Afghanistan: „Die Amerikaner, die müssen raus“


Mohammad Naseem schlendert am Großen Markt von Kabul, den Mandaii. Wie gewohnt, ist es voll, laut und stickig. Der greise Afghane trägt eine traditionelle Pakol-Mütze, während er getrocknete Früchte auskostet. Der Obstverkäufer, ein Mann aus der Provinz Logar nahe Kabul, starrt Naseem an, bis er ihn erkennt.

Emran Feroz | TELEPOLIS

Mohammad Naseem ist kein Unbekannter, sondern eine bekannte Persönlichkeit. In den 1980er-Jahren machte er sich in der Hizb-e Islami des Mudschaheddin-Führers und Warlords Gulbuddin Hekmatyar einen Namen.
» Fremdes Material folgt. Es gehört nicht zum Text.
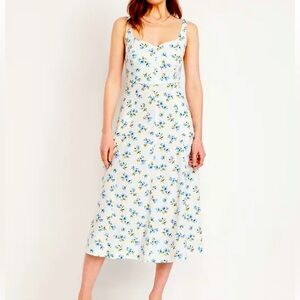Old Navy Fit & Flare Floral Linen Blend Midi Dress XS Blue Pockets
Als Kommandant befehligte Naseem mehrere hundert Männer, mit denen er die Rote Armee bekämpfte.

Doch Naseem war nicht nur ein Kämpfer, sondern auch ein Intellektueller, der sowohl zum Zeitzeugen als auch zu einem Bestandteil der Geschichte Afghanistan wurde, wie ein Gespräch mit ihm deutlich macht.

Mudschahed im Sowjetischen Afghanistankrieg, 1988. Bild: Dodmedia/gemeinfrei

„Es gibt in Afghanistan viele ideologische Importe“

Herr Naseem, Sie kennen den Krieg in Afghanistan womöglich besser als viele andere, immerhin haben Sie auch selbst daran teilgenommen. Wie würden Sie den Konflikt kurz und knapp beschreiben?

Mohammad Naseem: Es handelt sich um einen Kampf unter Brüdern. Wir töten uns gegenseitig, und das schon seit vierzig Jahren. Der Machtkampf verschiedener Ideologien wird auf den Schultern der Afghanen getragen.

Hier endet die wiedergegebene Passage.